Only the lines from the one containing "U251MG人类星型胶质细胞瘤(提供STR鉴定报告)" to the end of the data below belong in the answer, each repeated exactly; no pictures.

◆ Recorded data:
──────────────────────────────
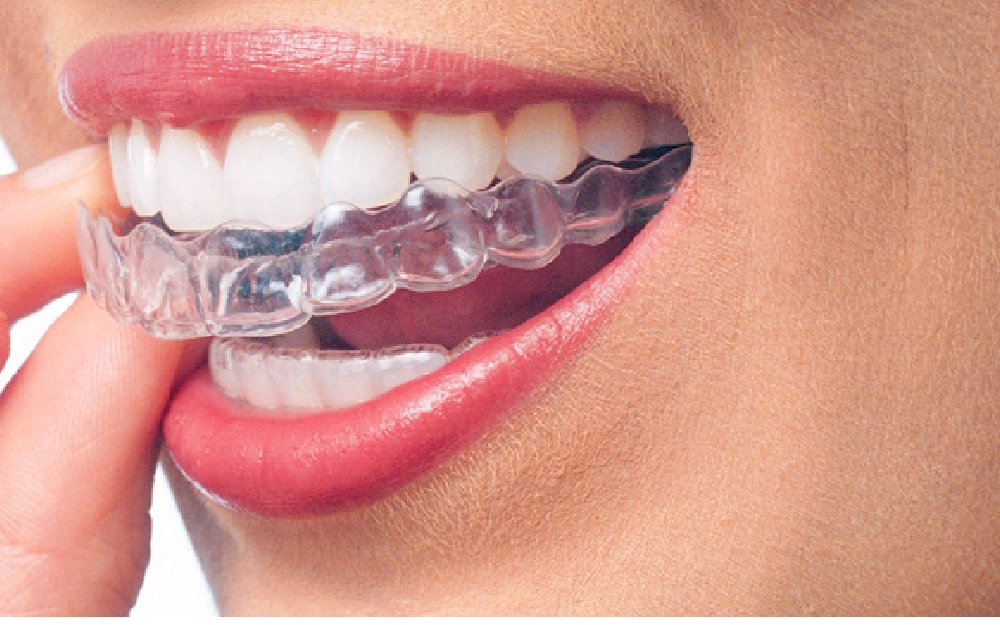 Essix Retainer 3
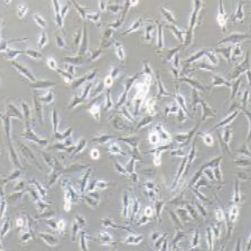 U251MG人类星型胶质细胞瘤(提供STR鉴定报告)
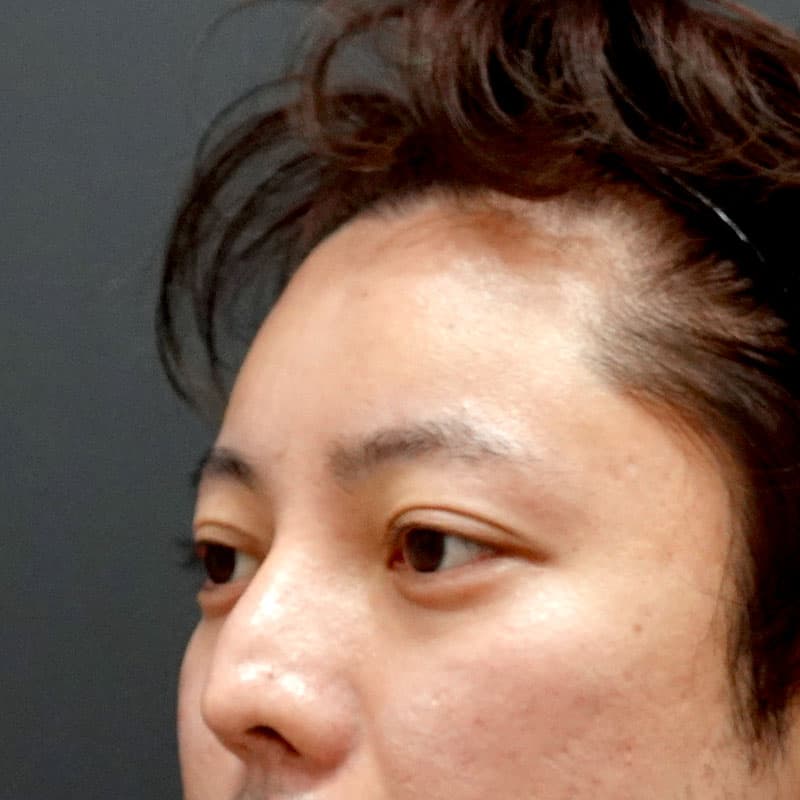 20260804_G128079_hosono_hyaluronic forehead- temples-temples①After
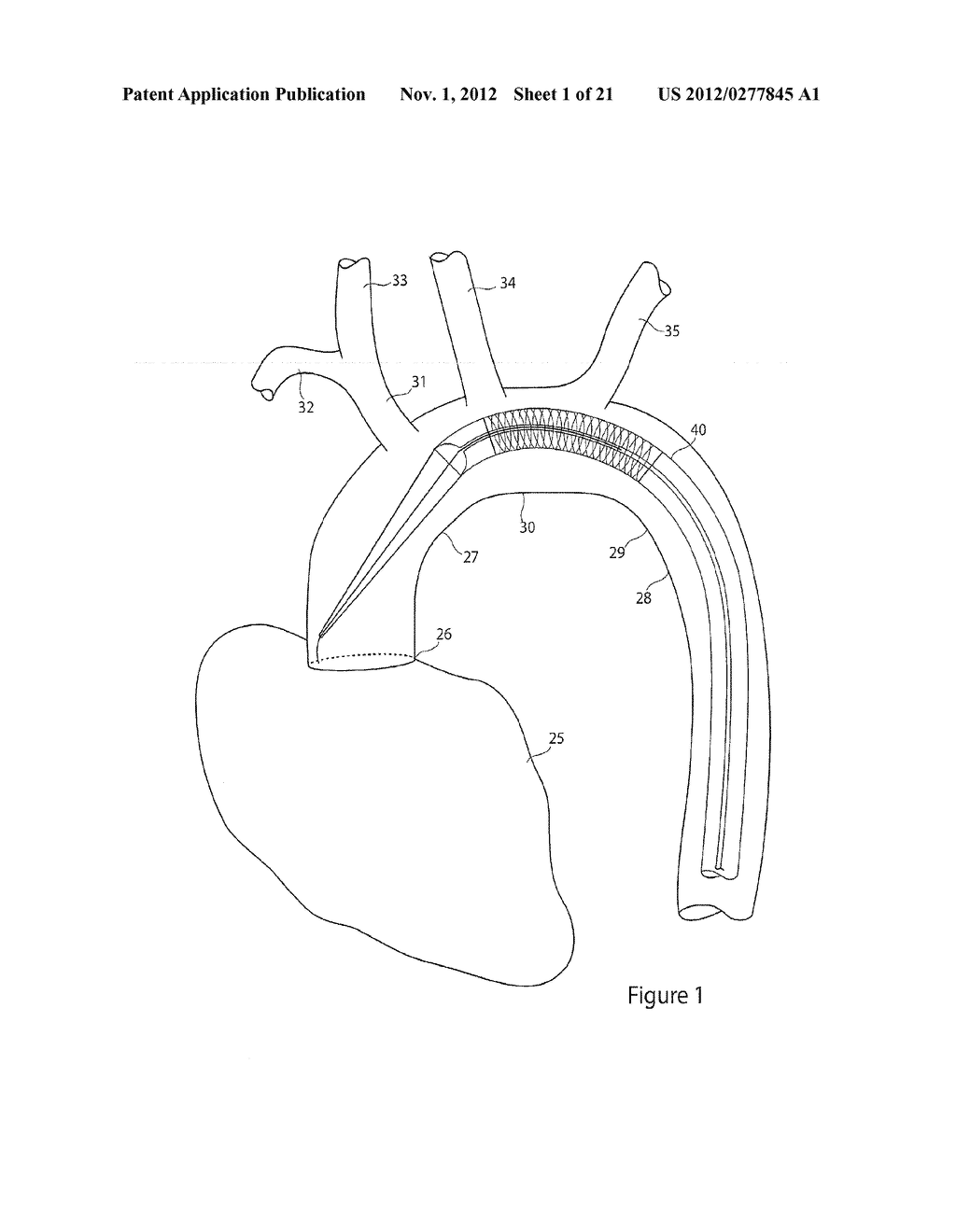 DELIVERY SYSTEM WITH RETRACTABLE PROXIMAL END - diagram, schematic, and image 02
──────────────────────────────
◆ Output for this exercise:
 U251MG人类星型胶质细胞瘤(提供STR鉴定报告)
 20260804_G128079_hosono_hyaluronic forehead- temples-temples①After
 DELIVERY SYSTEM WITH RETRACTABLE PROXIMAL END - diagram, schematic, and image 02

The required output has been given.